→ WHAT THE TASK REQUIRES
Each entry in the listing must be set down again word for word.

→ RECORDS
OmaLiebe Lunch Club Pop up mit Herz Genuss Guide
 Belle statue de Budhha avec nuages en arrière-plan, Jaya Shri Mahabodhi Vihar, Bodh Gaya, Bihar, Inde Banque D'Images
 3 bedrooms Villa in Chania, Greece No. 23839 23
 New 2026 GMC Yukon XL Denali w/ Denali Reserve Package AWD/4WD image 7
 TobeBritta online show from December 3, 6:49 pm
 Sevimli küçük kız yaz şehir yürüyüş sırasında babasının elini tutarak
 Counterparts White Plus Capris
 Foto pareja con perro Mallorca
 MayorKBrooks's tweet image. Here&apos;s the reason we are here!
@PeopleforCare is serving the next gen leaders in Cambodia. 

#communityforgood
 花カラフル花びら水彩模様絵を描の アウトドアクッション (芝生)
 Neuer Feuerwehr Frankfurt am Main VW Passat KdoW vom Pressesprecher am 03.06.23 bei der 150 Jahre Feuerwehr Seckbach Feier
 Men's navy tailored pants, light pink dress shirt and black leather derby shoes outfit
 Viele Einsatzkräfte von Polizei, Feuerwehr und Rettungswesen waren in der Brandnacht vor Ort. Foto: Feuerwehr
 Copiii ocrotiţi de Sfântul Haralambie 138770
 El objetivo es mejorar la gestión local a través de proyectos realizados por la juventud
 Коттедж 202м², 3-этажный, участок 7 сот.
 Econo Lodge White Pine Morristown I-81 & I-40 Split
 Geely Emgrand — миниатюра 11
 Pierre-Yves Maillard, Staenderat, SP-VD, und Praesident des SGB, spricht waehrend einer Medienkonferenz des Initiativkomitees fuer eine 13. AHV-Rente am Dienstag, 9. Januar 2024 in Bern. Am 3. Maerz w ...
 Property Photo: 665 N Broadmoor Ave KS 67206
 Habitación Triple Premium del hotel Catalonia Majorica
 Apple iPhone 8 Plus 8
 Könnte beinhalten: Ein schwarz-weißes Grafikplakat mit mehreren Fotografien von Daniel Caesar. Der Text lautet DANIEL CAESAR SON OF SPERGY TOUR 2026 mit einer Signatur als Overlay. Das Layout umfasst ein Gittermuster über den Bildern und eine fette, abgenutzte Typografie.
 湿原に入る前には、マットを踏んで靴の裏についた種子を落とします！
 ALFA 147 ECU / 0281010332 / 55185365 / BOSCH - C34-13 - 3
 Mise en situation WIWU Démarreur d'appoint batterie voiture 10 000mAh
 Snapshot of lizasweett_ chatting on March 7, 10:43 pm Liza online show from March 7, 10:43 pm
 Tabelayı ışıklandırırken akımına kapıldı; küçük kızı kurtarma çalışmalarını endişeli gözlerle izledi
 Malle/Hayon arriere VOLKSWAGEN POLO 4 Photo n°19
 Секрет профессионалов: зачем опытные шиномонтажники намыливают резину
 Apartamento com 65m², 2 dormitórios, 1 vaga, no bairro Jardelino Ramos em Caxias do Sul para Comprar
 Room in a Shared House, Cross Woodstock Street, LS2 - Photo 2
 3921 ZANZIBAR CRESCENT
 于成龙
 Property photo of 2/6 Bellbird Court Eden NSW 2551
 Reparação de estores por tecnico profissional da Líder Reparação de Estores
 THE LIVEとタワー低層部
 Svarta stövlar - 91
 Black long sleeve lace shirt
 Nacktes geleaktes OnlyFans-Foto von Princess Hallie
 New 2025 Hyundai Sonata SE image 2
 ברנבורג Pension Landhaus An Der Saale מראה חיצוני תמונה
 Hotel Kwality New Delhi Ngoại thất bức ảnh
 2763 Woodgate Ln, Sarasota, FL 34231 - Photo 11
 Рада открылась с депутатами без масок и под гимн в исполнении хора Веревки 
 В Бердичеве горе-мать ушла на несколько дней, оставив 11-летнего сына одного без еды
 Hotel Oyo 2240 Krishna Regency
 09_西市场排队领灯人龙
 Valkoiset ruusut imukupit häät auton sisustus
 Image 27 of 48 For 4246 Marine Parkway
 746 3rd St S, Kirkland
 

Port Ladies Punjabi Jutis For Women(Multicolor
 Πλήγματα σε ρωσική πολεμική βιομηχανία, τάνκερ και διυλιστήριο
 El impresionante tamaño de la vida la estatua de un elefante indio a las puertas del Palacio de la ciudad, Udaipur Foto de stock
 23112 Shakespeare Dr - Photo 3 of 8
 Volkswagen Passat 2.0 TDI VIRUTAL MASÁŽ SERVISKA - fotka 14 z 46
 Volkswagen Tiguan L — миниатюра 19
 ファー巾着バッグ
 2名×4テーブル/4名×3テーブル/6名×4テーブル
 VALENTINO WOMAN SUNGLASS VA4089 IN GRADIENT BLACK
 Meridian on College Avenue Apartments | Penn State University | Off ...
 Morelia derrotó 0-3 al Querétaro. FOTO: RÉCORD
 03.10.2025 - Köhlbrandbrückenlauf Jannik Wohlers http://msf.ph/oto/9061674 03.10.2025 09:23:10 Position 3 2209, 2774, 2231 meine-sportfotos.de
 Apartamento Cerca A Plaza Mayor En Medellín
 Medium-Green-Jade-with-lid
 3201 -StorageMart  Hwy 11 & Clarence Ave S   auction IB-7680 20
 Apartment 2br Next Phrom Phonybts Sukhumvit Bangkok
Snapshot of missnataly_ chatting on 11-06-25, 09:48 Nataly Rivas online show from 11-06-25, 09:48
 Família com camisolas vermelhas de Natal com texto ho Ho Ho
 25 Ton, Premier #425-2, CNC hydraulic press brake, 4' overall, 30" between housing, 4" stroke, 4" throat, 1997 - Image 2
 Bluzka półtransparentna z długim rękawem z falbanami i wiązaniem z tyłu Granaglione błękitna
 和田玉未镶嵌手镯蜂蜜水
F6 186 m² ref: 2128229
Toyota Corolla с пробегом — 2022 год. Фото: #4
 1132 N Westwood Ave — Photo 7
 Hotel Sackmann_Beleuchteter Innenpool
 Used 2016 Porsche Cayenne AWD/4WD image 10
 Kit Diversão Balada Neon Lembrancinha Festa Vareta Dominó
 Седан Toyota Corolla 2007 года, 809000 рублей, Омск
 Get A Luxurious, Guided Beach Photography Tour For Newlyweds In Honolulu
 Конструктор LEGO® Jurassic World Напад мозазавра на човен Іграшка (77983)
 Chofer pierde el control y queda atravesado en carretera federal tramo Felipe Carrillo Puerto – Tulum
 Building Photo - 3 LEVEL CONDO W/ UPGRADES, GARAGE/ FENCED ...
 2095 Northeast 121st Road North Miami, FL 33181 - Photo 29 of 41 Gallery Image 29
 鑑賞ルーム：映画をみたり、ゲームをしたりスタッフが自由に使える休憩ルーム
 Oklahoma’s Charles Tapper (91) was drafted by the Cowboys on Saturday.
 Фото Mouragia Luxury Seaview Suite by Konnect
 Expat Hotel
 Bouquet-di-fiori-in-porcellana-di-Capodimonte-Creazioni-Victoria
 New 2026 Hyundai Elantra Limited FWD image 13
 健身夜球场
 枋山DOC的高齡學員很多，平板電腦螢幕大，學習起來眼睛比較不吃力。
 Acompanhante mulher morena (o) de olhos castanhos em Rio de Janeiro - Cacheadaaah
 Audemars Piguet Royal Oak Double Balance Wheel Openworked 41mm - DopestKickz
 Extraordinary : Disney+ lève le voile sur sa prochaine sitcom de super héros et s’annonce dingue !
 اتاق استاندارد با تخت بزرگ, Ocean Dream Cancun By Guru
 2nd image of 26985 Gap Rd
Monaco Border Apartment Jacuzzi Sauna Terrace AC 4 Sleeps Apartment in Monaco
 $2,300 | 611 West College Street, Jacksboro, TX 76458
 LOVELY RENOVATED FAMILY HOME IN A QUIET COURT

→ RESULT OF THE EXERCISE
OmaLiebe Lunch Club Pop up mit Herz Genuss Guide
 Belle statue de Budhha avec nuages en arrière-plan, Jaya Shri Mahabodhi Vihar, Bodh Gaya, Bihar, Inde Banque D'Images
 3 bedrooms Villa in Chania, Greece No. 23839 23
 New 2026 GMC Yukon XL Denali w/ Denali Reserve Package AWD/4WD image 7
 TobeBritta online show from December 3, 6:49 pm
 Sevimli küçük kız yaz şehir yürüyüş sırasında babasının elini tutarak
 Counterparts White Plus Capris
 Foto pareja con perro Mallorca
 MayorKBrooks's tweet image. Here&apos;s the reason we are here!
@PeopleforCare is serving the next gen leaders in Cambodia. 

#communityforgood
 花カラフル花びら水彩模様絵を描の アウトドアクッション (芝生)
 Neuer Feuerwehr Frankfurt am Main VW Passat KdoW vom Pressesprecher am 03.06.23 bei der 150 Jahre Feuerwehr Seckbach Feier
 Men's navy tailored pants, light pink dress shirt and black leather derby shoes outfit
 Viele Einsatzkräfte von Polizei, Feuerwehr und Rettungswesen waren in der Brandnacht vor Ort. Foto: Feuerwehr
 Copiii ocrotiţi de Sfântul Haralambie 138770
 El objetivo es mejorar la gestión local a través de proyectos realizados por la juventud
 Коттедж 202м², 3-этажный, участок 7 сот.
 Econo Lodge White Pine Morristown I-81 & I-40 Split
 Geely Emgrand — миниатюра 11
 Pierre-Yves Maillard, Staenderat, SP-VD, und Praesident des SGB, spricht waehrend einer Medienkonferenz des Initiativkomitees fuer eine 13. AHV-Rente am Dienstag, 9. Januar 2024 in Bern. Am 3. Maerz w ...
 Property Photo: 665 N Broadmoor Ave KS 67206
 Habitación Triple Premium del hotel Catalonia Majorica
 Apple iPhone 8 Plus 8
 Könnte beinhalten: Ein schwarz-weißes Grafikplakat mit mehreren Fotografien von Daniel Caesar. Der Text lautet DANIEL CAESAR SON OF SPERGY TOUR 2026 mit einer Signatur als Overlay. Das Layout umfasst ein Gittermuster über den Bildern und eine fette, abgenutzte Typografie.
 湿原に入る前には、マットを踏んで靴の裏についた種子を落とします！
 ALFA 147 ECU / 0281010332 / 55185365 / BOSCH - C34-13 - 3
 Mise en situation WIWU Démarreur d'appoint batterie voiture 10 000mAh
 Snapshot of lizasweett_ chatting on March 7, 10:43 pm Liza online show from March 7, 10:43 pm
 Tabelayı ışıklandırırken akımına kapıldı; küçük kızı kurtarma çalışmalarını endişeli gözlerle izledi
 Malle/Hayon arriere VOLKSWAGEN POLO 4 Photo n°19
 Секрет профессионалов: зачем опытные шиномонтажники намыливают резину
 Apartamento com 65m², 2 dormitórios, 1 vaga, no bairro Jardelino Ramos em Caxias do Sul para Comprar
 Room in a Shared House, Cross Woodstock Street, LS2 - Photo 2
 3921 ZANZIBAR CRESCENT
 于成龙
 Property photo of 2/6 Bellbird Court Eden NSW 2551
 Reparação de estores por tecnico profissional da Líder Reparação de Estores
 THE LIVEとタワー低層部
 Svarta stövlar - 91
 Black long sleeve lace shirt
 Nacktes geleaktes OnlyFans-Foto von Princess Hallie
 New 2025 Hyundai Sonata SE image 2
 ברנבורג Pension Landhaus An Der Saale מראה חיצוני תמונה
 Hotel Kwality New Delhi Ngoại thất bức ảnh
 2763 Woodgate Ln, Sarasota, FL 34231 - Photo 11
 Рада открылась с депутатами без масок и под гимн в исполнении хора Веревки 
 В Бердичеве горе-мать ушла на несколько дней, оставив 11-летнего сына одного без еды
 Hotel Oyo 2240 Krishna Regency
 09_西市场排队领灯人龙
 Valkoiset ruusut imukupit häät auton sisustus
 Image 27 of 48 For 4246 Marine Parkway
 746 3rd St S, Kirkland
 

Port Ladies Punjabi Jutis For Women(Multicolor
 Πλήγματα σε ρωσική πολεμική βιομηχανία, τάνκερ και διυλιστήριο
 El impresionante tamaño de la vida la estatua de un elefante indio a las puertas del Palacio de la ciudad, Udaipur Foto de stock
 23112 Shakespeare Dr - Photo 3 of 8
 Volkswagen Passat 2.0 TDI VIRUTAL MASÁŽ SERVISKA - fotka 14 z 46
 Volkswagen Tiguan L — миниатюра 19
 ファー巾着バッグ
 2名×4テーブル/4名×3テーブル/6名×4テーブル
 VALENTINO WOMAN SUNGLASS VA4089 IN GRADIENT BLACK
 Meridian on College Avenue Apartments | Penn State University | Off ...
 Morelia derrotó 0-3 al Querétaro. FOTO: RÉCORD
 03.10.2025 - Köhlbrandbrückenlauf Jannik Wohlers http://msf.ph/oto/9061674 03.10.2025 09:23:10 Position 3 2209, 2774, 2231 meine-sportfotos.de
 Apartamento Cerca A Plaza Mayor En Medellín
 Medium-Green-Jade-with-lid
 3201 -StorageMart  Hwy 11 & Clarence Ave S   auction IB-7680 20
 Apartment 2br Next Phrom Phonybts Sukhumvit Bangkok
Snapshot of missnataly_ chatting on 11-06-25, 09:48 Nataly Rivas online show from 11-06-25, 09:48
 Família com camisolas vermelhas de Natal com texto ho Ho Ho
 25 Ton, Premier #425-2, CNC hydraulic press brake, 4' overall, 30" between housing, 4" stroke, 4" throat, 1997 - Image 2
 Bluzka półtransparentna z długim rękawem z falbanami i wiązaniem z tyłu Granaglione błękitna
 和田玉未镶嵌手镯蜂蜜水
F6 186 m² ref: 2128229
Toyota Corolla с пробегом — 2022 год. Фото: #4
 1132 N Westwood Ave — Photo 7
 Hotel Sackmann_Beleuchteter Innenpool
 Used 2016 Porsche Cayenne AWD/4WD image 10
 Kit Diversão Balada Neon Lembrancinha Festa Vareta Dominó
 Седан Toyota Corolla 2007 года, 809000 рублей, Омск
 Get A Luxurious, Guided Beach Photography Tour For Newlyweds In Honolulu
 Конструктор LEGO® Jurassic World Напад мозазавра на човен Іграшка (77983)
 Chofer pierde el control y queda atravesado en carretera federal tramo Felipe Carrillo Puerto – Tulum
 Building Photo - 3 LEVEL CONDO W/ UPGRADES, GARAGE/ FENCED ...
 2095 Northeast 121st Road North Miami, FL 33181 - Photo 29 of 41 Gallery Image 29
 鑑賞ルーム：映画をみたり、ゲームをしたりスタッフが自由に使える休憩ルーム
 Oklahoma’s Charles Tapper (91) was drafted by the Cowboys on Saturday.
 Фото Mouragia Luxury Seaview Suite by Konnect
 Expat Hotel
 Bouquet-di-fiori-in-porcellana-di-Capodimonte-Creazioni-Victoria
 New 2026 Hyundai Elantra Limited FWD image 13
 健身夜球场
 枋山DOC的高齡學員很多，平板電腦螢幕大，學習起來眼睛比較不吃力。
 Acompanhante mulher morena (o) de olhos castanhos em Rio de Janeiro - Cacheadaaah
 Audemars Piguet Royal Oak Double Balance Wheel Openworked 41mm - DopestKickz
 Extraordinary : Disney+ lève le voile sur sa prochaine sitcom de super héros et s’annonce dingue !
 اتاق استاندارد با تخت بزرگ, Ocean Dream Cancun By Guru
 2nd image of 26985 Gap Rd
Monaco Border Apartment Jacuzzi Sauna Terrace AC 4 Sleeps Apartment in Monaco
 $2,300 | 611 West College Street, Jacksboro, TX 76458
 LOVELY RENOVATED FAMILY HOME IN A QUIET COURT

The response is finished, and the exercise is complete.